In this section, Levin devises a new method of farming: he gives his workers a share of the profits, so they’ll be motivated to work harder and more efficiently. In other words, his farm becomes a collective. He has a vision of
a bloodless revolution, but a mighty revolution, at first in the small confines of our district, then the province, Russia, and the whole world. Because a valid idea cannot fail to bear fruit.
He is an idealist, confident that if he pursues his new idea, he will overcome resistance and any practical complications and ultimately create a better future.
Perhaps, then, it’s no surprise that, thirty years later, another idealistic Russian admired Tolstoy’s writing.
On 28 August 1908, Leo Tolstoy turned 80. (For most of the rest of the world, his birthday fell on 9 September, but Russia continued to use the Julian calendar until 1918, by which time Tolstoy was dead.)
In Russia there was a national celebration of the great author, and a few days later Vladimir Lenin, in Switzerland, published an article in the magazine Proletary called ‘Leo Tolstoy as the Mirror of the Russian Revolution’. You can read the full article here.
Lenin starts by pointing out that Tolstoy had never openly supported a Russian Revolution, but then he recommends a closer reading of Tolstoy’s works:
Tolstoy’s views are indeed a mirror of those contradictory conditions in which the peasantry had to play their historical part in our revolution. . . . Centuries of feudal oppression and decades of accelerated post-Reform pauperisation piled up mountains of hate, resentment, and desperate determination. The striving to sweep away completely the official church, the landlords and the landlord government, to destroy all the old forms and ways of landownership, to clear the land, to replace the police-class state by a community of free and equal small peasants – this striving is the keynote of every historical step the peasantry has taken in our revolution; and, undoubtedly, the message of Tolstoy’s writings conforms to this peasant striving far more than it does to abstract ‘Christian Anarchism’, as his ‘system’ of views is sometimes appraised.
He goes on to say, however, that the contradictions in Tolstoy’s position explain both the Russians’ desire for revolution and their lack of success so far:
Tolstoy reflected the pent-up hatred, the ripened striving for a better lot, the desire to get rid of the past – and also the immature dreaming, the political inexperience, the revolutionary flabbiness. Historical and economic conditions explain both the inevitable beginning of the revolutionary struggle of the masses and their unpreparedness for the struggle, their Tolstoyan non-resistance to evil, which was a most serious cause of the defeat of the first revolutionary campaign.

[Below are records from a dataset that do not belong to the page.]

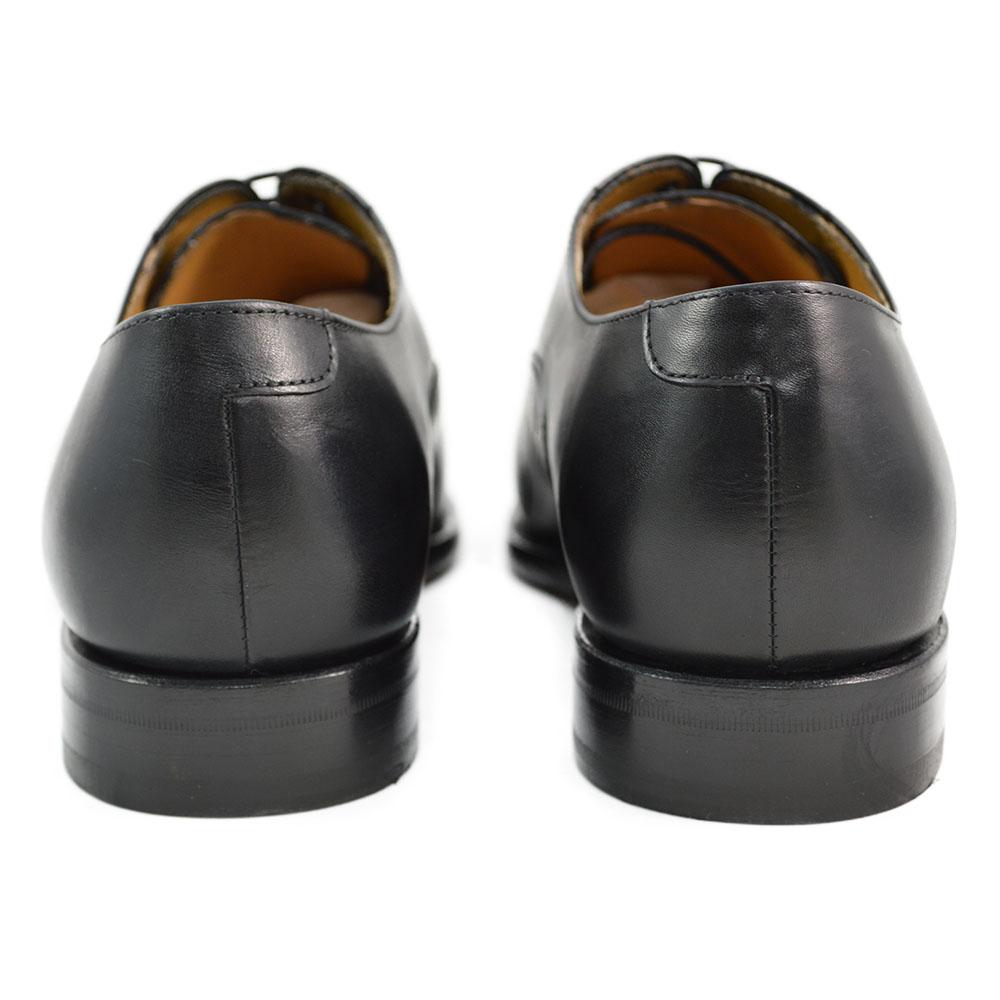 A Berwick 1707 black leather toe cap oxford shoe with a goodyear welted construction and single leather sole.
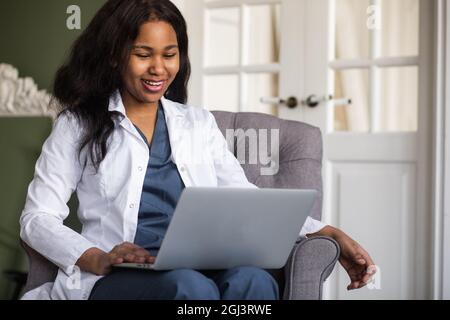 Una dottoressa afro-americana fornisce consulenze di telemedicina attraverso la trasmissione di informazioni mediche attraverso canali di telecomunicazione Foto Stock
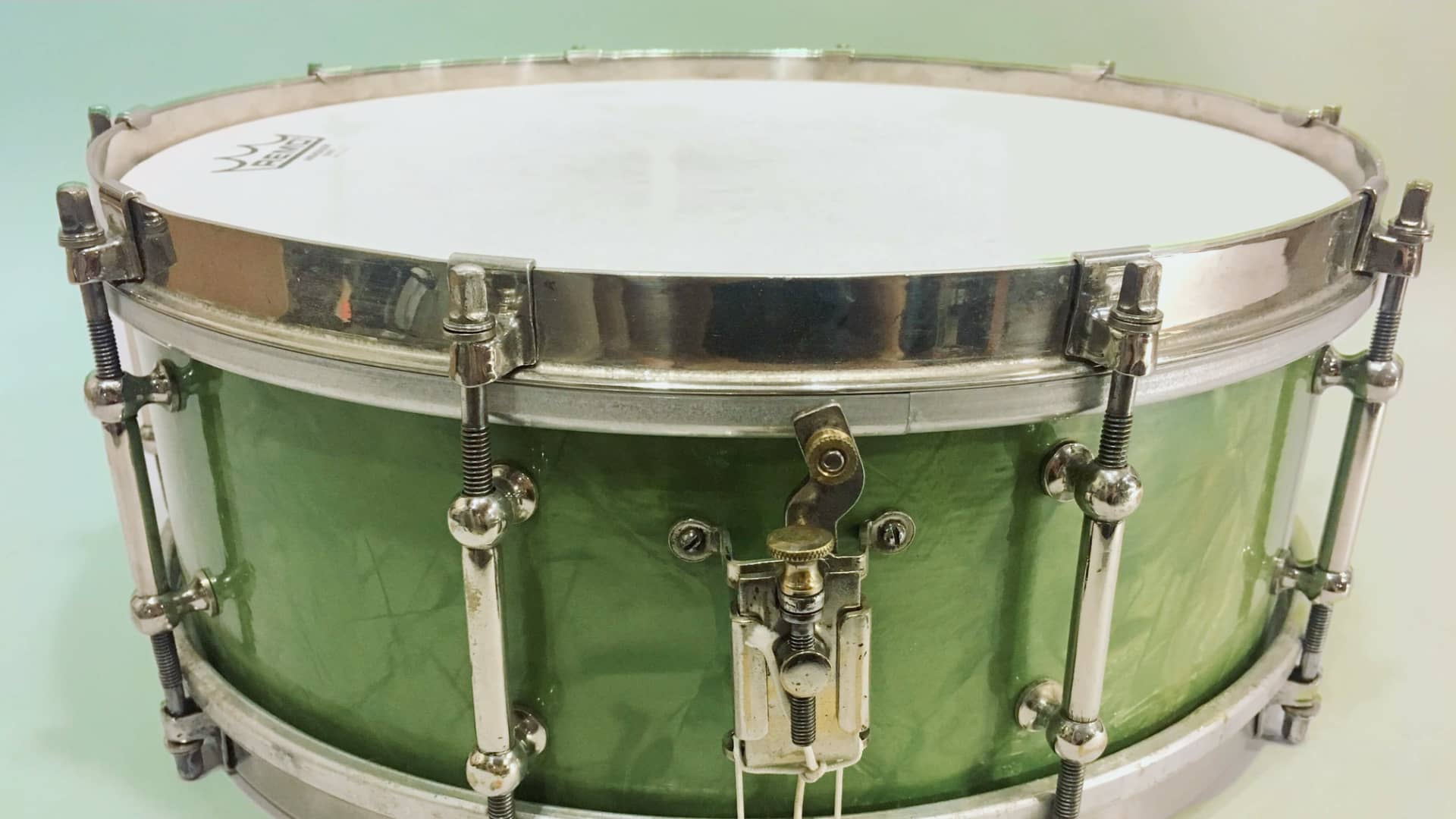 A vintage, green acoustic snare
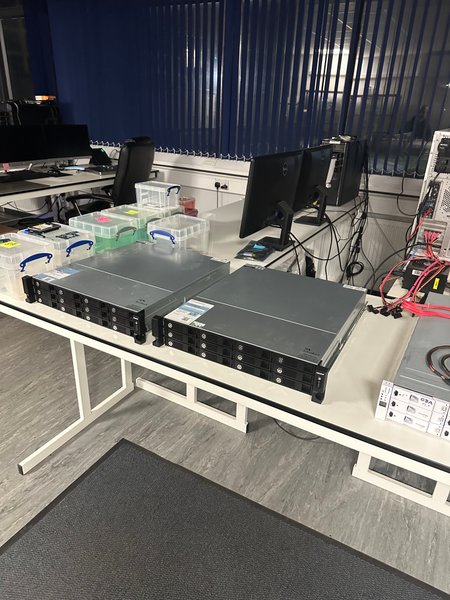 Rack-mount servers and labelled case boxes on an R3 lab workbench prepared for enterprise RAID recovery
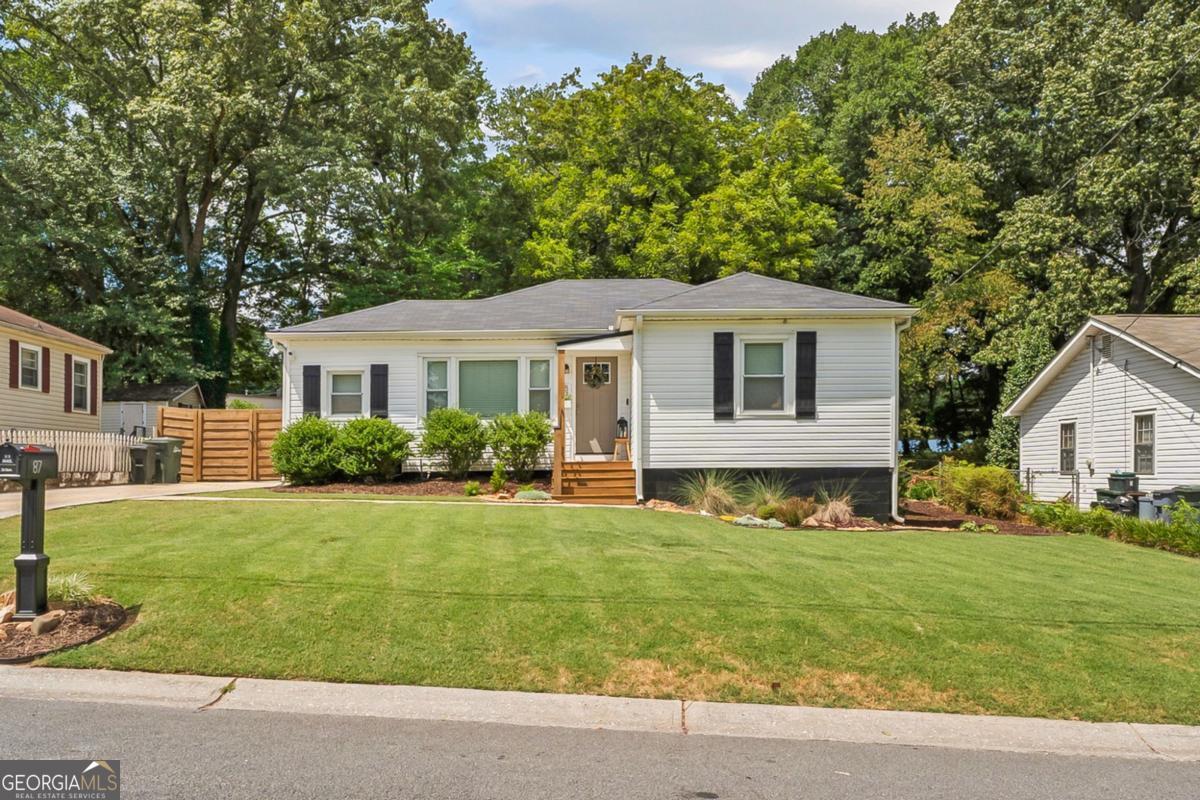Charming Updated Ranch in the Heart of Marietta! Welcome to 87 Otis Street - a beautifully renovated 2-bedroom, 1-bathroom home tucked on a quiet street just minutes from Historic Marietta Square. Bursting with curb appeal, this classic white ranch with black shutters and a cozy front porch is the perfect blend of charm and modern updates. Step inside to discover gorgeous original hardwood floors, fresh paint, and a bright, open layout filled with natural light. The spacious living room connects to a lovely dining area and updated kitchen-ideal for daily living or entertaining. Out back, you'll fall in love with the fully fenced backyard, large deck, fire pit, and beautifully landscaped space-perfect for pets, play, or relaxing evenings outdoors. With too many upgrades to mention, this move-in ready gem is truly one of a kind.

And he ends by looking beyond Tolstoy, as a voice of the past, and forward to a glorious future for the revolution:
Among the peasantry themselves the growth of exchange, of the rule of the market and the power of money is steadily ousting old-fashioned patriarchalism and the patriarchal Tolstoyan ideology. . . . The lines of demarcation have become more distinct. The cleavage of classes and parties has taken place. Under the hammer blows of the lessons taught by Stolypin, and with undeviating and consistent agitation by the revolutionary Social-Democrats not only the socialist proletariat but also the democratic masses of the peasantry will inevitably advance from their midst more and more steeled, fighters who will be less capable of falling into our historical sin of Tolstoyism!
Within ten years, of course, Tolstoy was dead and Lenin was swept to power in the October Revolution of 1917 and so began seventy-four years of Soviet Russia.
Then, in the late 1920s, Levin’s idealistic vision for his farm was nightmarishly paralleled in the real world, when Stalin introduced forced collectivisation as part of the ‘five-year plan’.
The idea was to improve agricultural production by organising labour on collective farms (kolkhozy) and at the same time liberate peasants by giving them a share of ownership and profits. The idea was satirised by George Orwell, of course, in Animal Farm (1945).
It was a disaster. In order to implement his plans, Stalin resorted to mass executions and deportations of Russia’s land-owning class (kulaks) and his extreme measures triggered the ‘Soviet Famine’ of 1930-1933.
In the year 1932-33 alone, an estimated 11 million people died from famine as a result of being forced into farming collectives.
Despite technological advances, agricultural production did not exceed pre-collectivisation levels until 1940.
I hope you enjoy the next instalment of Anna Karenina. On 27th June we will discuss Part Four, Chapters 1-17. These chapters formed the sixth instalment of the novel, first published in the Russian Messenger in February 1876.
For reference, here are links to our previous Anna Karenina posts:
The Schedule (18 December 2024)
Leo Tolstoy (3 January 2025)
0. Introductions (10 January)
1. Part One, Chapters 1-23 – and Nabokov on Time (31 January)
2. Part One, Chapters 24-34, Part Two, Chapters 1-11 – and John Sutherland on Anna’s English novel (28 February)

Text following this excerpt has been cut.